Russia introduced a ban on Polish meat and plant products in 2005, saying exports did not meet food-safety requirements.
In response, Poland has blocked talks on a new EU-Russia strategic partnership accord. The issue is currently one of many poisoning the EU-Russia relationship.
Sign Of Hope
Polish officials appeared upbeat earlier this week, after Russian President Vladimir Putin reportedly told his Agriculture Minister Aleksei Gordeyev on May 21 to "intensify dialogue with the EU" on the issue. Kyprianou also said today he remains "optimistic" Russia is not looking for "justifications" to continue the ban.
Kyprianou repeated the EU view that Russia has no grounds for maintaining its import embargo on Polish meat and plant products. He said Polish goods are allowed to be freely traded in the EU's internal market, adding that "if there were any concerns, that would not be allowed."
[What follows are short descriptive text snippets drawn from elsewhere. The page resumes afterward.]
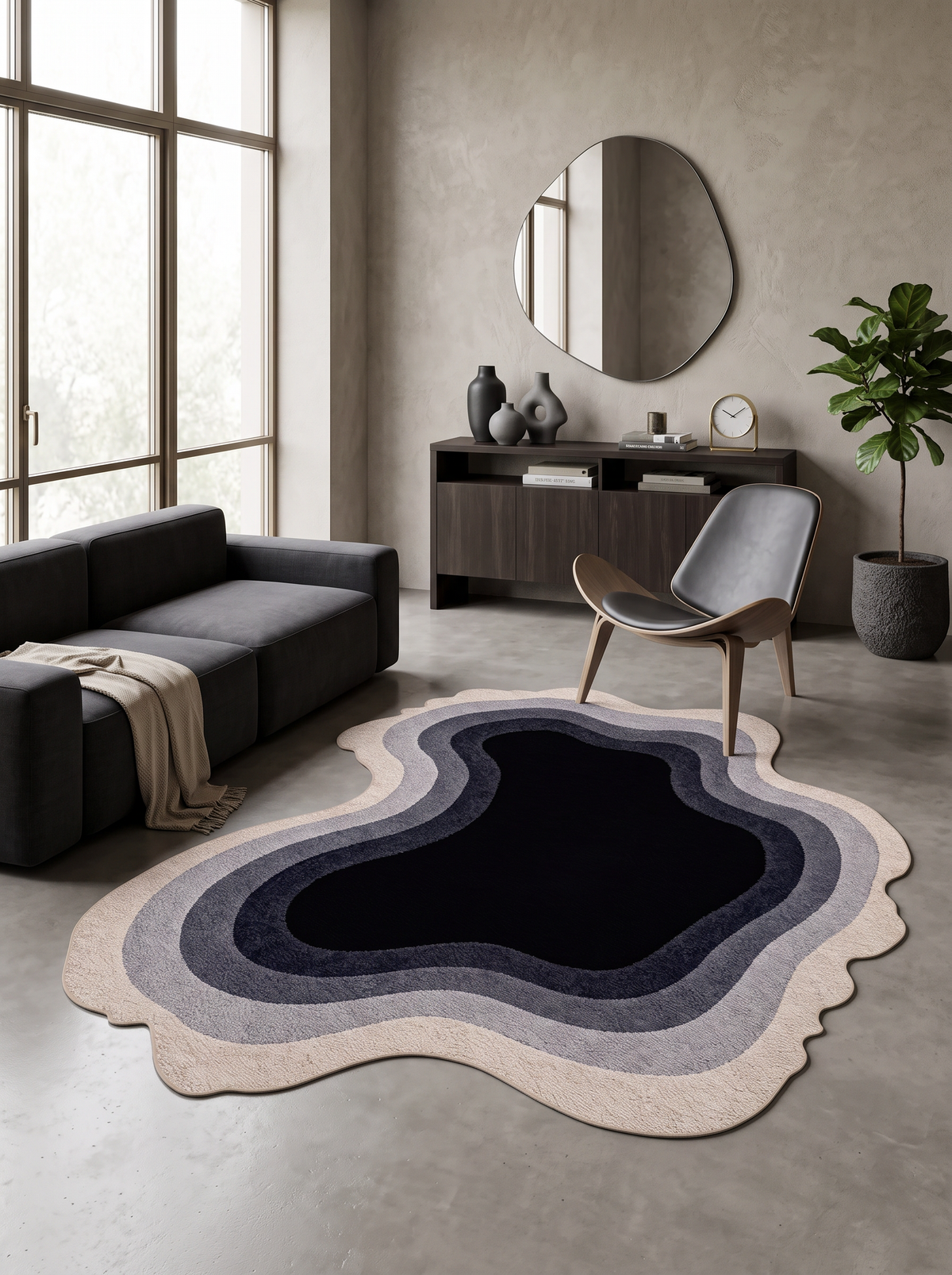 Arte AST071 Asimetrik Kesimli Modern Şönil Halı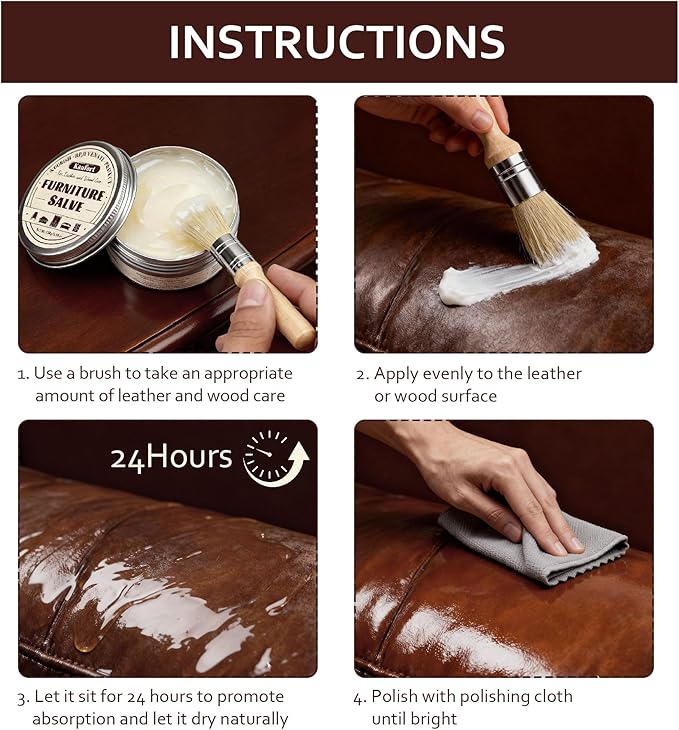Leather & Furniture Repair Salve, Furniture Salve with Brush for Leather Wood, Leather Conditioner Help Prevent Cracking or Fading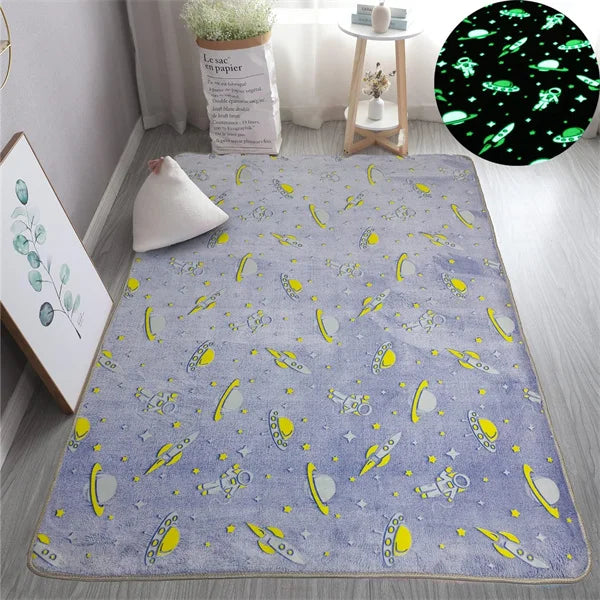 Im Dunkeln leuchtender Teppich mit 3D-Motiven für Kinderzimmer und Schlafzimmer – 40 × 60 bis 160 × 200 cm, Kurzflor, rutschfest, 12 Motive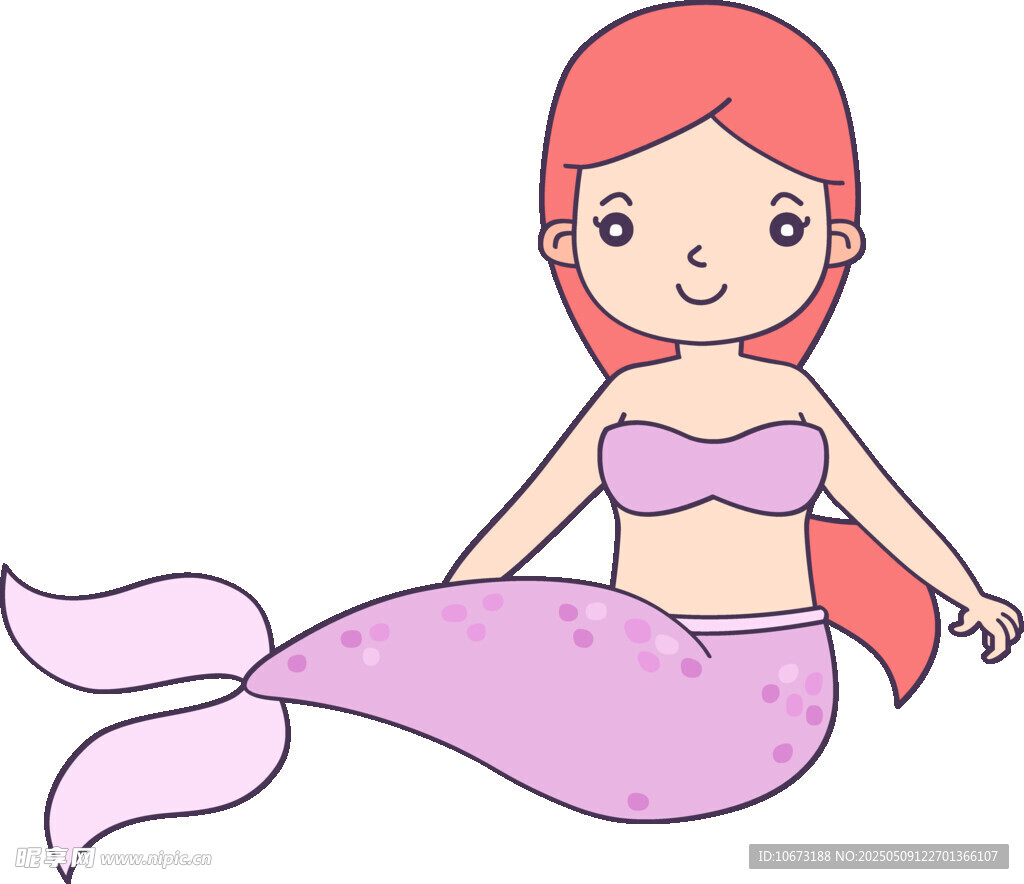 可愛卡通小美人魚形象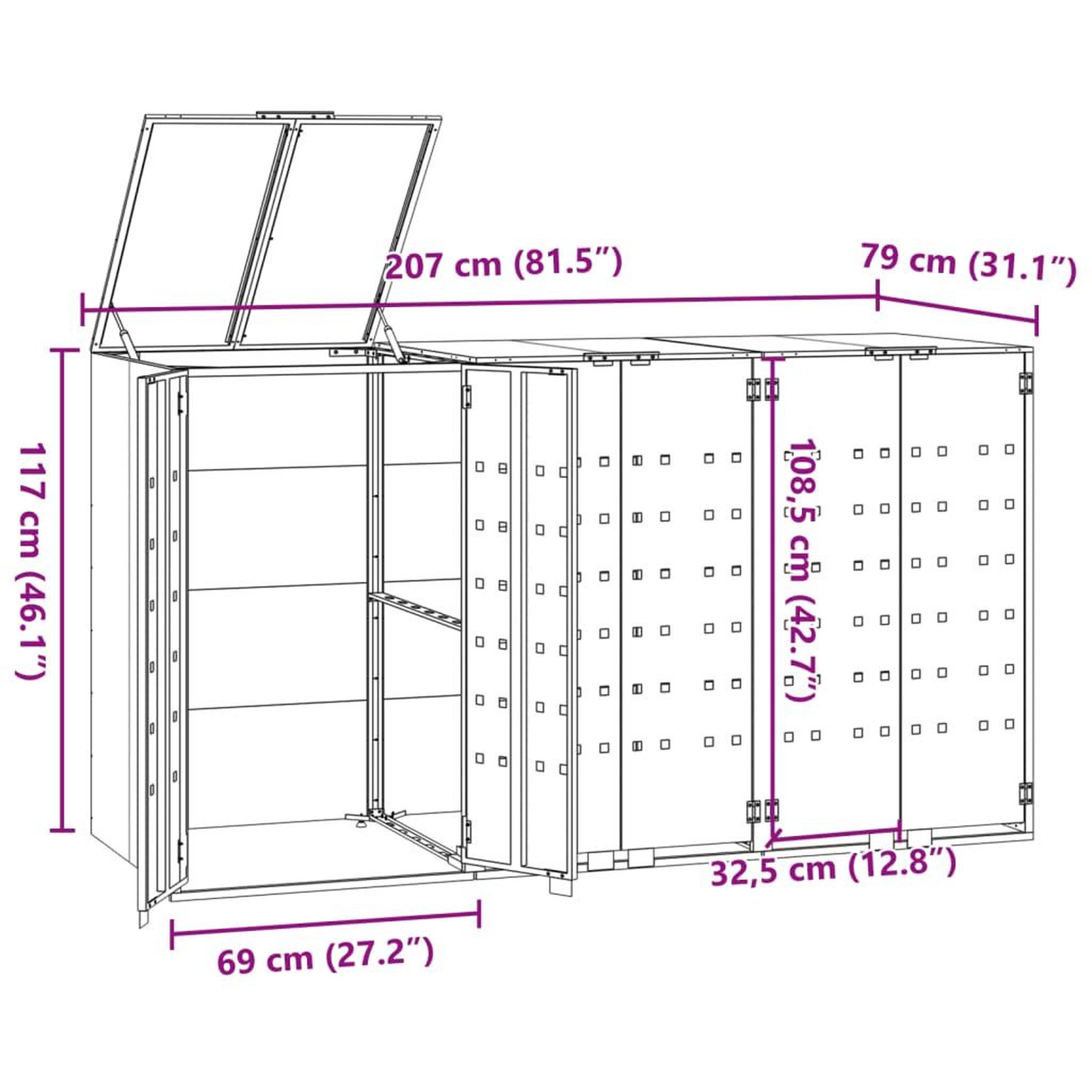 Voir la diapositive 6 : VIDAXL Rangement a roulettes pour poubelles pour 3 bacs anthracite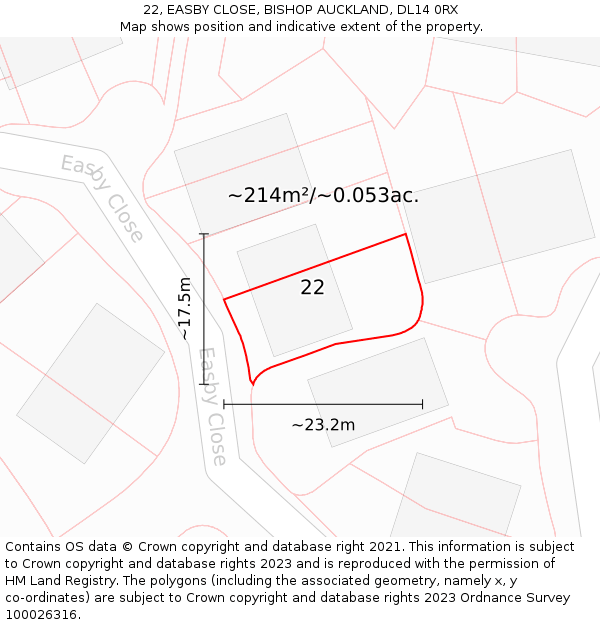 22, EASBY CLOSE, BISHOP AUCKLAND, DL14 0RX: Plot and title map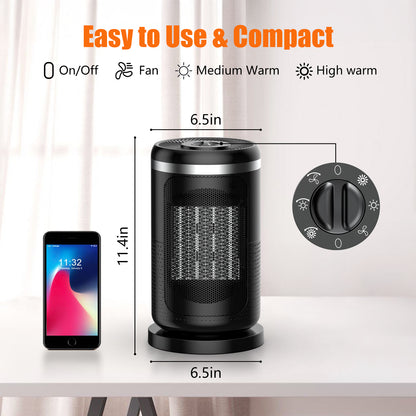 1500W Portable Electric Space Heater, Ceramic Heater with Thermostat, 90°Oscillation, Safe and Quiet for Office Room Desk Indoor Use, Black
The EU commissioner also said the EU has provided Moscow with "all the evidence" it has requested. Kyprianou said Russian objections appear to have shifted to transit products -- a concern which he said does not justify the continued ban on Polish meat.
Kyprianou said that despite the failure of earlier negotiations, the EU is open to further talks with Russia. But, he said, future talks must comprehensively address the entire Russian import ban and not selected, separate aspects of it, and they must have a clear timeframe and deadline.